[Start of section]

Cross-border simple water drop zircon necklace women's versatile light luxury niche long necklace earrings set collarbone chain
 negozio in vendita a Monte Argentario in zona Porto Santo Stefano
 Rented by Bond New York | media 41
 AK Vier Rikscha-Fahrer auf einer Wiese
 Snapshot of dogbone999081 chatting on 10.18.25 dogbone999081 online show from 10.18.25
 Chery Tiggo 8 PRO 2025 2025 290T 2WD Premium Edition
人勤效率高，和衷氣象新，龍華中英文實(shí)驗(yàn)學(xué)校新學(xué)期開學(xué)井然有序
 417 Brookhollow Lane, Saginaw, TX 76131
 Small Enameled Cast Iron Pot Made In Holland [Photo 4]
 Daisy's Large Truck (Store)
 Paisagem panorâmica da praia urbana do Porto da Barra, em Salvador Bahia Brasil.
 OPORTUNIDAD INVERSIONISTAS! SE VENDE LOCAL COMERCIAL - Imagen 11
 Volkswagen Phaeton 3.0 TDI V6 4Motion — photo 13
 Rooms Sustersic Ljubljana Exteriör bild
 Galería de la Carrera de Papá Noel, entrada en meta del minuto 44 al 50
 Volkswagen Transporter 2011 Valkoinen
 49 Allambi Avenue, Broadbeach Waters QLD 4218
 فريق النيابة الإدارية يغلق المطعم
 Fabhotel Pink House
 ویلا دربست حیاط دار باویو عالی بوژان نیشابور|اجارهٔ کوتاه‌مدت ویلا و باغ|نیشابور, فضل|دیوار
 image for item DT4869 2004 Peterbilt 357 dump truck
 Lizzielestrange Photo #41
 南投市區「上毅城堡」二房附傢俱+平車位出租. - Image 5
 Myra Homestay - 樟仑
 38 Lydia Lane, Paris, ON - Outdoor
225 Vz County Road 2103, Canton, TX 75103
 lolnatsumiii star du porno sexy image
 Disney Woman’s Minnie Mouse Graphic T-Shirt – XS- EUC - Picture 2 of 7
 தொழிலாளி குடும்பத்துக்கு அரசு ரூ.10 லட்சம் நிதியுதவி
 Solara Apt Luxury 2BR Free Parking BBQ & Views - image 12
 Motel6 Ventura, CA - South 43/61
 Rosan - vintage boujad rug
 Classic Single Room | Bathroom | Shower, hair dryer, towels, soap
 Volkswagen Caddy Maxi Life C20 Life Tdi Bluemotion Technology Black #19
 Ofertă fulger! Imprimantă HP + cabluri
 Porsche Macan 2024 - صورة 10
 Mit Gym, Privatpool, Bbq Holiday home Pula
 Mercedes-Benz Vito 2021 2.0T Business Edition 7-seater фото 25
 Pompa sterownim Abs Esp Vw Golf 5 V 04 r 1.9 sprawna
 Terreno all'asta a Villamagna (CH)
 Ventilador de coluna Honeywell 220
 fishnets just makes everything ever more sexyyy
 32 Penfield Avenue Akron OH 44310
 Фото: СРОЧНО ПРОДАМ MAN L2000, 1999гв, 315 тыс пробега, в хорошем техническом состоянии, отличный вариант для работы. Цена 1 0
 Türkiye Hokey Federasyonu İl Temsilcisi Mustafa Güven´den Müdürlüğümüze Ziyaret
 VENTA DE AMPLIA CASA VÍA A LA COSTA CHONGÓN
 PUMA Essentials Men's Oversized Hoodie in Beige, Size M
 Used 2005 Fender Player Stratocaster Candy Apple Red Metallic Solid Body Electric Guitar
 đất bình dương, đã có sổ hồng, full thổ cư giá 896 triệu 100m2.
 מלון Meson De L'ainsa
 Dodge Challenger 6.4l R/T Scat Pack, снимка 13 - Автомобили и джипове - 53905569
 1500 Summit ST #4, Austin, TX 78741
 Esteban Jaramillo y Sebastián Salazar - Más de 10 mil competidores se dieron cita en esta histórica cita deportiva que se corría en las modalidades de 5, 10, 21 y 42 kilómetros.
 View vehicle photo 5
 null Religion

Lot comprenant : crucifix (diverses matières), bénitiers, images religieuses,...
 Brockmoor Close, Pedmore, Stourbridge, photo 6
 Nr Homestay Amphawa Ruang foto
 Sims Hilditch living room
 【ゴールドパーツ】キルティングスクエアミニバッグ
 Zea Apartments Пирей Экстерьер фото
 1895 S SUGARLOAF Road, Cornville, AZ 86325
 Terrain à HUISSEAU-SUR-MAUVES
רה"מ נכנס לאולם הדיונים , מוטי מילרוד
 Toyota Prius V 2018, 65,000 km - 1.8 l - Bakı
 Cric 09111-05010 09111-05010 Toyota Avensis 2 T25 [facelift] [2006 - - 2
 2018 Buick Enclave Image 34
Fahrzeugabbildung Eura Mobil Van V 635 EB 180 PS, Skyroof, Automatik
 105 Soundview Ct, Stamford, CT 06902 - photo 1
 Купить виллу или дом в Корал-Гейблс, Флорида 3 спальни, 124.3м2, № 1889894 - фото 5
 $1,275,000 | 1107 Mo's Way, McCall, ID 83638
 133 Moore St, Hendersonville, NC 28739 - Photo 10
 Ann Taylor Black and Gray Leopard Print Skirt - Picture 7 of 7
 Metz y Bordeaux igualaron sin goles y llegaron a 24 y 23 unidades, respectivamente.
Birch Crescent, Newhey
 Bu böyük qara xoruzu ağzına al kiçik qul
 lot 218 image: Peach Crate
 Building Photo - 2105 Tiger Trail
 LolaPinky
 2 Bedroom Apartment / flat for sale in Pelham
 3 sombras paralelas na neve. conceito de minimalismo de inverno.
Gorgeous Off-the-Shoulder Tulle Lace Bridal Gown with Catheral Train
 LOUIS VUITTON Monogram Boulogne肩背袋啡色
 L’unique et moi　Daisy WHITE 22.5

[End of section]

Using the entries above, extract exactly the span from the line with "32 Penfield Avenue Akron OH 44310" to the line with "1500 Summit ST #4, Austin, TX 78741", both lines included; leave out everything else.

> **EXPECTED ANSWER**:
 32 Penfield Avenue Akron OH 44310
 Фото: СРОЧНО ПРОДАМ MAN L2000, 1999гв, 315 тыс пробега, в хорошем техническом состоянии, отличный вариант для работы. Цена 1 0
 Türkiye Hokey Federasyonu İl Temsilcisi Mustafa Güven´den Müdürlüğümüze Ziyaret
 VENTA DE AMPLIA CASA VÍA A LA COSTA CHONGÓN
 PUMA Essentials Men's Oversized Hoodie in Beige, Size M
 Used 2005 Fender Player Stratocaster Candy Apple Red Metallic Solid Body Electric Guitar
 đất bình dương, đã có sổ hồng, full thổ cư giá 896 triệu 100m2.
 מלון Meson De L'ainsa
 Dodge Challenger 6.4l R/T Scat Pack, снимка 13 - Автомобили и джипове - 53905569
 1500 Summit ST #4, Austin, TX 78741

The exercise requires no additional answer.